[Stored data]
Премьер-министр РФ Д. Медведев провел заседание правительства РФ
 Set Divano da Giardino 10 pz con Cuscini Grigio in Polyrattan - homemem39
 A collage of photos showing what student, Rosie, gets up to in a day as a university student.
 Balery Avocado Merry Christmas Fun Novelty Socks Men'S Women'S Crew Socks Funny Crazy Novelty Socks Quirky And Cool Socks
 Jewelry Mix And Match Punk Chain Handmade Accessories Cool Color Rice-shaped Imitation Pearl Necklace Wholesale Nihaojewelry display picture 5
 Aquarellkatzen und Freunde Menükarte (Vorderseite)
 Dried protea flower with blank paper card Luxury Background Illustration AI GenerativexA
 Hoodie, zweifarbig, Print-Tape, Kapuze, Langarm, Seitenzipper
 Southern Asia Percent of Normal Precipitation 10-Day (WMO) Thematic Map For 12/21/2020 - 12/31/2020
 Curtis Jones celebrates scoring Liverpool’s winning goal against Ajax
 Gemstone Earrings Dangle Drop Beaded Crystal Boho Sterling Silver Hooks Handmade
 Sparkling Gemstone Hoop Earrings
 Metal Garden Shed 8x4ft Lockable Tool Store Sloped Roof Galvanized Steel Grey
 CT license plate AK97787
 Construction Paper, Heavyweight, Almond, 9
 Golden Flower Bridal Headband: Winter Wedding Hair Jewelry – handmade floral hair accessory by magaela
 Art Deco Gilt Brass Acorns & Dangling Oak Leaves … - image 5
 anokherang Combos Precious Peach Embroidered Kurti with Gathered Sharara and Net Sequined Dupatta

— PROBLEM DESCRIPTION —
With the line containing "CT license plate AK97787" as the first and the last line of the data as the final one, copy every line between them exactly, those two included.

— RESULT OF THE TASK —
 CT license plate AK97787
 Construction Paper, Heavyweight, Almond, 9
 Golden Flower Bridal Headband: Winter Wedding Hair Jewelry – handmade floral hair accessory by magaela
 Art Deco Gilt Brass Acorns & Dangling Oak Leaves … - image 5
 anokherang Combos Precious Peach Embroidered Kurti with Gathered Sharara and Net Sequined Dupatta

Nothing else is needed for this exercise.